On 26 September 1983 the system suffered a major malfunction when it erroneously identified a launch of five Minuteman ICBMs in the United States. It appears that the system misidentified a particular set of circumstances including high clouds and the autumn equinox. Lt. Colonel Stanislav Petrov, the officer on duty at the time, discounted the reports as the system had only recently become operational and the launches were not corroborated by early-warning radar.

==2001 fire==
A fire broke out at the control centre on 10 May 2001 at 2:20 local time. The military tried to put the fire out itself but called the civilian fire brigade at 3:20 local time. They discovered that the fire was located in the gap between the second and third floors. 100 firefighters were involved and media reports said that the affected building was burnt out. It was reported that the centre restarted operations on 20 August 2001.

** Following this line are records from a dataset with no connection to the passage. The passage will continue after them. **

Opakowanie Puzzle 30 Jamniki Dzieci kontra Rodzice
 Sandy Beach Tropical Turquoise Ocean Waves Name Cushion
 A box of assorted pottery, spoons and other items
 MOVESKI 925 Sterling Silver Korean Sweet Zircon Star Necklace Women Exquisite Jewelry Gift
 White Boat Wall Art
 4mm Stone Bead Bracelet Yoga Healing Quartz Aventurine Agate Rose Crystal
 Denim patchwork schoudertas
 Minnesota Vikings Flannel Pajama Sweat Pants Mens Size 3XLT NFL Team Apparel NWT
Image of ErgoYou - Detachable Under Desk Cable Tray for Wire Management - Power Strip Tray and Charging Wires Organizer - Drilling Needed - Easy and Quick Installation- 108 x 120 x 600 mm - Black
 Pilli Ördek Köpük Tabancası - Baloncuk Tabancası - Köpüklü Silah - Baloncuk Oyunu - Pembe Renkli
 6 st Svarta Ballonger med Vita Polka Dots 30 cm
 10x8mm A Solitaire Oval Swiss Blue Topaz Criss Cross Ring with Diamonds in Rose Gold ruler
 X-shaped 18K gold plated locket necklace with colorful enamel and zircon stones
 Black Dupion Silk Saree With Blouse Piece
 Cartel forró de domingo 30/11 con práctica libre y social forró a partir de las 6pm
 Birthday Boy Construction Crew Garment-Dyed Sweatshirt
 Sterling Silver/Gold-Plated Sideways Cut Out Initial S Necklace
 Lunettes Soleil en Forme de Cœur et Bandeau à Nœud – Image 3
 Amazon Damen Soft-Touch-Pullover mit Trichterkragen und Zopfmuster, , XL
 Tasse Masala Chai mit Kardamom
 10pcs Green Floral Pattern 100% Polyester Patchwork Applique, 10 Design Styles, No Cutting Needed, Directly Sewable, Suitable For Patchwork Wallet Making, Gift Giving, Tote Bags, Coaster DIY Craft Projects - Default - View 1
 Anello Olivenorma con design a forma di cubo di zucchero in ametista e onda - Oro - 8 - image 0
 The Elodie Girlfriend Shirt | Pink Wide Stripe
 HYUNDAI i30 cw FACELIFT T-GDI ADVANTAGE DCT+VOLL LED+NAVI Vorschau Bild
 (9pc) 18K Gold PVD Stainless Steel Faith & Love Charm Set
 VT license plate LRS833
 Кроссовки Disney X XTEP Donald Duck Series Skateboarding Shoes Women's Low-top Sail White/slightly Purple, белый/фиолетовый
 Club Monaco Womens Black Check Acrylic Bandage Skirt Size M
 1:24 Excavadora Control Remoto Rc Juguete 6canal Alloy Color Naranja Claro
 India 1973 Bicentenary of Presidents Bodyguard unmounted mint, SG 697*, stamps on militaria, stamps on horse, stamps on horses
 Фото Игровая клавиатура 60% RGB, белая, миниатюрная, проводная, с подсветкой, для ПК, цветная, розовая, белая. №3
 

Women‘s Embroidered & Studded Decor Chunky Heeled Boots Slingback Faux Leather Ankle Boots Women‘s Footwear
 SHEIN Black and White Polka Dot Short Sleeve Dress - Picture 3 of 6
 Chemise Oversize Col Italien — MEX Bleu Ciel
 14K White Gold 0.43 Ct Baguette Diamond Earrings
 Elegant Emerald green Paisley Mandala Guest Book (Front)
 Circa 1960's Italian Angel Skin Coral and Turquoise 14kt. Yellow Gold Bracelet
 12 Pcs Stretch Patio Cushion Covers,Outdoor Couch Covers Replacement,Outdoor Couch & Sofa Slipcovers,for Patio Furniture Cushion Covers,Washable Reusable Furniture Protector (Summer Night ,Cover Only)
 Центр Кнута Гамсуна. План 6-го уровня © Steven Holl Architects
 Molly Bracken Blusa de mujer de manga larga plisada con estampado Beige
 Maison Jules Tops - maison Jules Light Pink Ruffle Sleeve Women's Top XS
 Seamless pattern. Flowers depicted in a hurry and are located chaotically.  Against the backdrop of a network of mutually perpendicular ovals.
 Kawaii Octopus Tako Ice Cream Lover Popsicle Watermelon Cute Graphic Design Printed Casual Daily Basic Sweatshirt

At the time of the fire there were four satellites in the constellation, all US-K in molniya orbits. The effect of the fire was that control of the satellites was lost for 12 hours. Satellites in molniya orbits need contact from the ground station every 2 or three orbits to maintain their orbital position. The fire caused the loss of four satellites - two satellites were lost immediately (Kosmos 2340 and Kosmos 2351) and two more (Kosmos 2368 and Kosmos 2342) within a year due to the negative effect on their orbits.